Engineers turn ice-cream makers for their entrepreneurial venture Cherry Comet
The idea of using liquid nitrogen to make ice creams isn't exactly new. However, when engineering college friends Rohan Bajla, who was a business consultant at American Express, Saransh Goyal, an investment banker with Deutsche Bank and Anirudh Singh an SAS-certified engineer and parttime comic book writer chanced upon liquid nitrogen ice cream in Bangkok on a holiday, they knew they had found their entrepreneurial opening. Thus, Cherry Comet, an outlet for instant ice creams was born.
"We prepare fresh ice creams without any artificial flavours, colours or preservatives using liquid nitrogen. We operate out of two outlets in Delhi-NCR: in DLF Cyberhub, Gurgaon and a newly opened outlet in Sangam Courtyard Mall, RK Puram," says Rohan.
Road blocks and learnings
While they had an idea in place, the team was entering an unknown terrain. According to Rohan, the idea that you can just freeze your ice cream instantly is deceptively simple, yet powerful. "I distinctly remember the three of us sharing that moment. We all knew with this technology we could make any ice cream we wanted and make it fresh," he adds.
However, the expert use of liquid nitrogen is traditionally restricted to hard sciences. Being the first to apply it to food and beverages in India, Cherry Comet was faced with the daunting task of assembling all technical know-how and equipment from scratch.
Having a team of engineers helped them follow the scientific principles involved. They worked closely with the experts in the field for over a year, developing various prototypes and understanding the process, including the different safety guidelines.

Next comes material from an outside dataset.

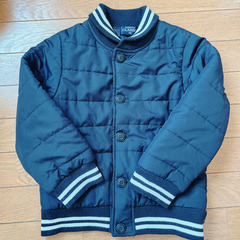 【120cm】男の子アウターの画像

The next challenge was developing the right ice cream palate. Rohan says it was crucial for ice cream makers to cultivate a rich understanding of what exactly makes a good ice cream. The balance of dairy fat to milk, the correct mingling of flavours into the dairy base that leads to the creation of the ideal recipe and of course the correct proportions for sugar. All these questions needed answers.
The science behind it
"Two years of experimentation and making liquid nitrogen ice creams every single day at home allowed us to slowly master the various intricacies involved. Today we have our recipes memorised and can hazard pretty accurate guesses as to how an ingredient will affect a recipe," says Rohan. There were hits and misses, hits included the jamun and Jägermeister ice cream. However, the jalebi ice cream didn't make the cut.
Rohan says that the science behind it is quite simple. The liquid nitrogen has to reach a boiling point of -196.4 degree Celsius. When poured into the ice cream base the liquid nitrogen boils and turns to gas within seconds, drawing out the latent heat in the ice cream base.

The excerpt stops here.